::: Listed records :::

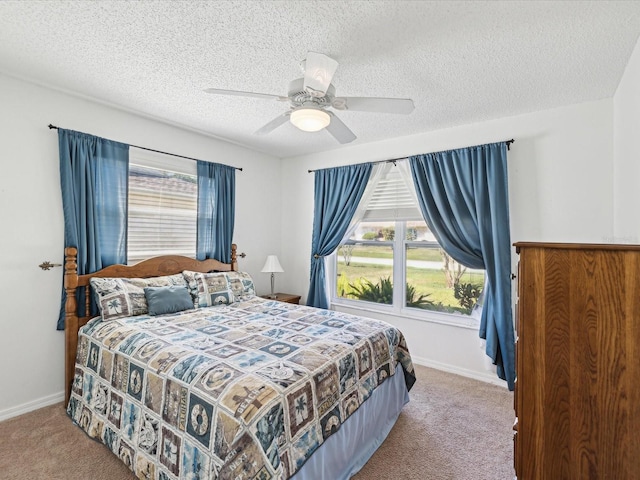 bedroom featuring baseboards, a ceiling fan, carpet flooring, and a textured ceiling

:::
::: Listed records :::

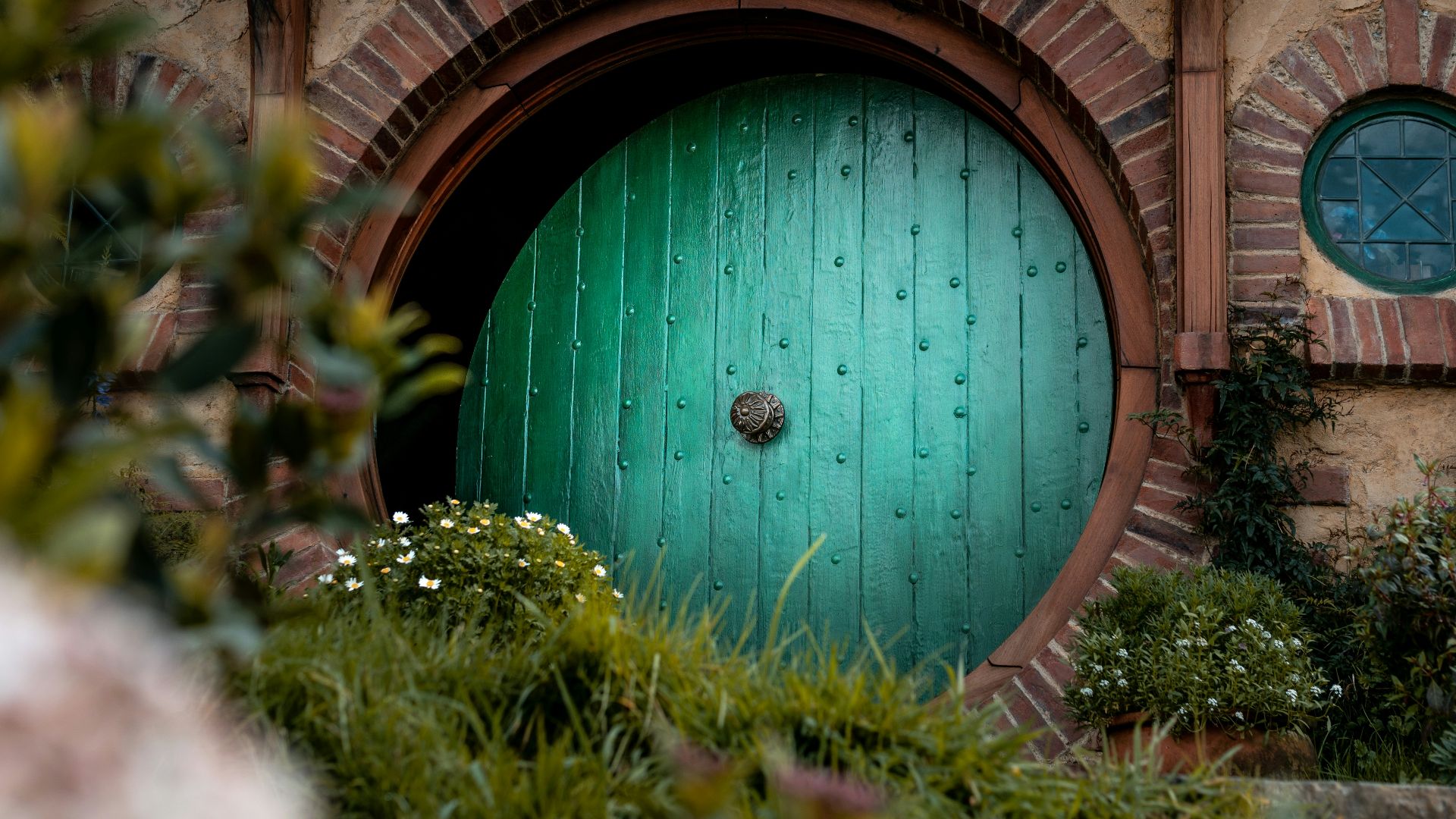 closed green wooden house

:::
::: Listed records :::

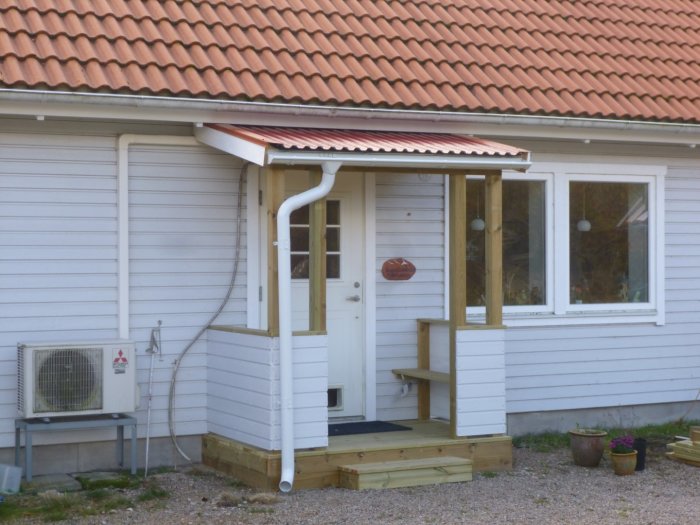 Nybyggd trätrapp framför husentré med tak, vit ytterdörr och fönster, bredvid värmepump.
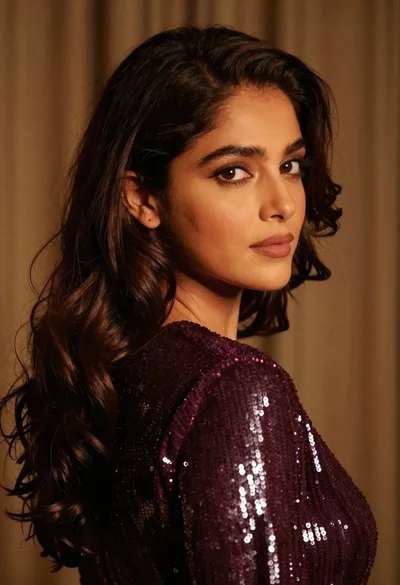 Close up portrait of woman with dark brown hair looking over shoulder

:::

> Work to be completed
Each line between the one holding "Nybyggd trätrapp framför" and the one holding "Close up portrait", inclusive, should be copied exactly as it appears above, and pictures should be omitted.

> Solution to this problem
 Nybyggd trätrapp framför husentré med tak, vit ytterdörr och fönster, bredvid värmepump.
 Close up portrait of woman with dark brown hair looking over shoulder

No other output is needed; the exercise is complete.